Client Examples

After you have Triton running you can send inference and other requests to it using the HTTP/REST or GRPC protocols from your client application.

To simplify communication with Triton, the Triton project provides C++ and Python client libraries, and several example applications that show how to use these libraries.

  • C++ and Python versions of image_client, an example application that uses the C++ or Python client library to execute image classification models on Triton. See Image Classification Example Application.

  • Several simple C++ examples show how to use the C++ library to communicate with Triton to perform inferencing and other task. The C++ examples demonstrating the HTTP/REST client are named with a simple_http_ prefix and the examples demonstrating the GRPC client are named with a simple_grpc_ prefix.

  • Several simple Python examples show how to use the Python library to communicate with Triton to perform inferencing and other task. The Python examples demonstrating the HTTP/REST client are named with a simple_http_ prefix and the examples demonstrating the GRPC client are named with a simple_grpc_ prefix.

  • A couple of Python examples that communicate with Triton using a Python GRPC API generated by the protoc compiler. grpc_client.py is a simple example that shows simple API usage. grpc_image_client.py is functionally equivalent to image_client but that uses a generated GRPC client stub to communicate with Triton.

  • The protoc compiler can generate a GRPC API in a large number of programming languages. Examples for languages other than Python can be found in subdirectories of src/clients.

Getting the Client Examples

The provided Dockerfile.client and CMake support can be used to build the examples, or the pre-built examples can be downloaded from GitHub or a pre-built Docker image containing the client libraries from NVIDIA GPU Cloud (NGC).

Build Using Dockerfile

To build the examples using Docker follow the description in Build Using Dockerfile.

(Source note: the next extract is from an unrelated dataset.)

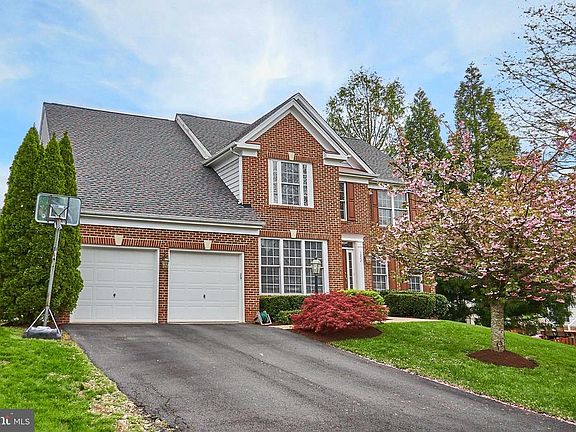 2nd image of 9362 Worthington Dr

After the build completes the tritonserver_client docker image will contain the built client examples, and will also be configured with all the dependencies required to run those examples within the container. The easiest way to try the examples described in the following sections is to run the client image with --net=host so that the client examples can access Triton running in its own container. To be able to use system shared memory you need to run the client and server image with --ipc=host so that Triton can access the system shared memory in the client container. Additionally, to create system shared memory regions that are larger than 64MB, the --shm-size flag is needed while running the client image. To be able to use CUDA shared memory you need to use the appropriate Docker arguments when running the client image. (see Running Triton for more information about running Triton):

$ docker run -it --rm --net=host tritonserver_client

In the tritonserver_client image you can find the example executables in /workspace/install/bin, and the Python examples in /workspace/install/python.

Build Using CMake

To build the examples using CMake follow the description in Build Using CMake.

Ubuntu 18.04

When the build completes, the examples can be found in client/install. To use the examples, you need to include the path to the client library in environment variable “LD_LIBRARY_PATH”. By default it is /path/to/tritonserver/repo/build/client/install/lib. In addition to that, you also need to install the client Python packages and other packages required by the examples:

$ pip3 install --upgrade client/install/python/triton*.whl numpy pillow

Windows 10

When the build completes the examples can be found in client/install. The C++ client examples will not be generated as those examples have not yet been ported to Windows. However, you can use the Python examples to test if the build is successful. To use the Python examples, you need to install the Python wheels:

> pip3 install --upgrade client/install/python/triton*.whl numpy pillow

Download From GitHub

To download the examples follow the description in Download From GitHub.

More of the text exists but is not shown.